AVAILABLE DATA
* * * * * * *

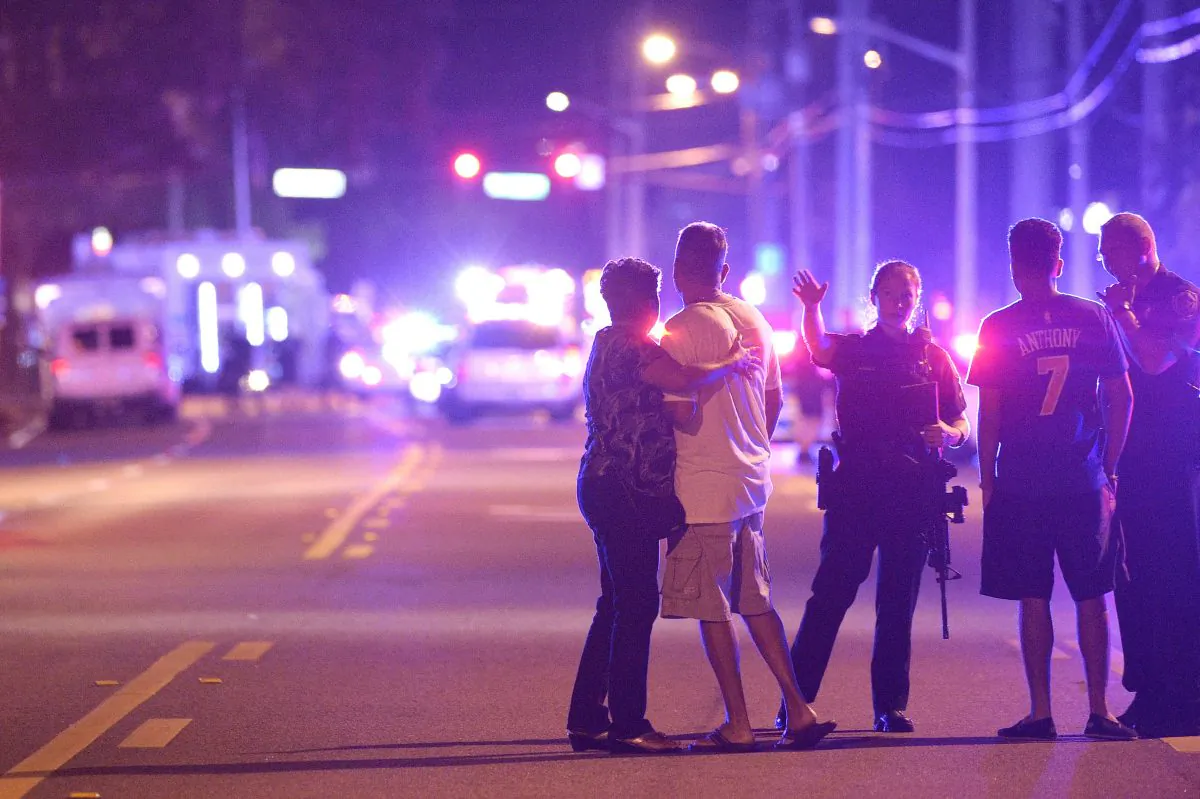 Orlando Police officers direct family members away from a fatal shooting at Pulse Orlando nightclub in Orlando, Fla., on June 12, 2016. (AP Photo/Phelan M. Ebenhack)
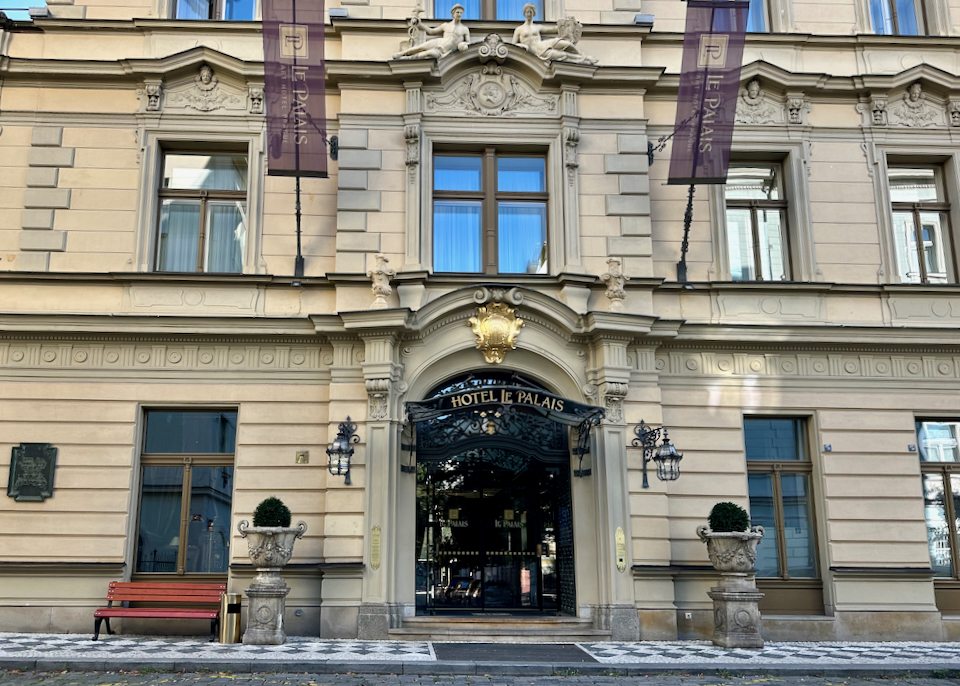 Elegant doorway of a historic hotel in Prague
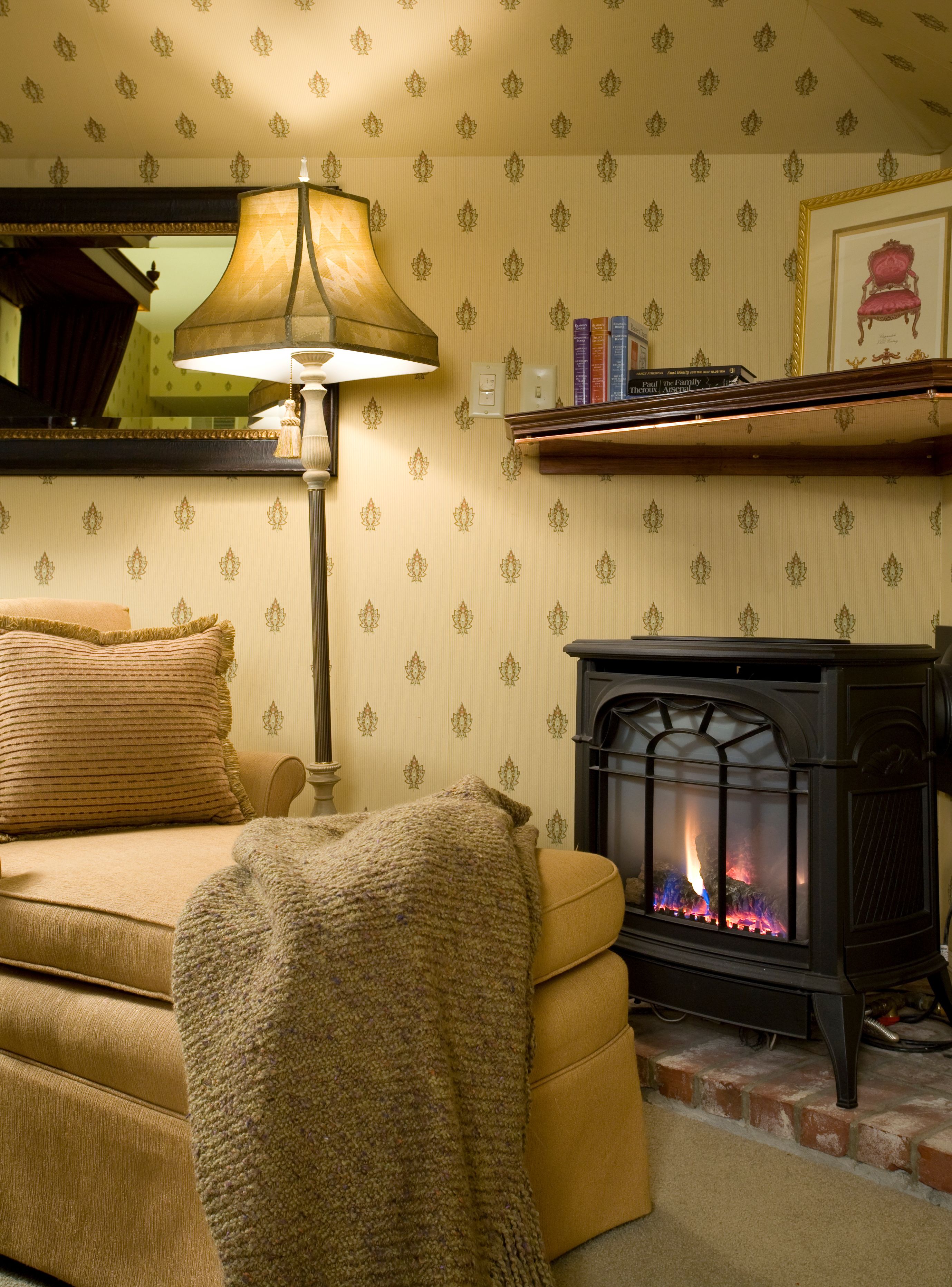 A cozy living room with a sofa, a lamp, a fireplace, and a bookshelf.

* * * * * * *

PROBLEM
What you write should match, word for word, the lines from the one containing "Elegant doorway of" to the end of the listing, with both ends kept and the pictures left out.

EXERCISE RESPONSE
 Elegant doorway of a historic hotel in Prague
 A cozy living room with a sofa, a lamp, a fireplace, and a bookshelf.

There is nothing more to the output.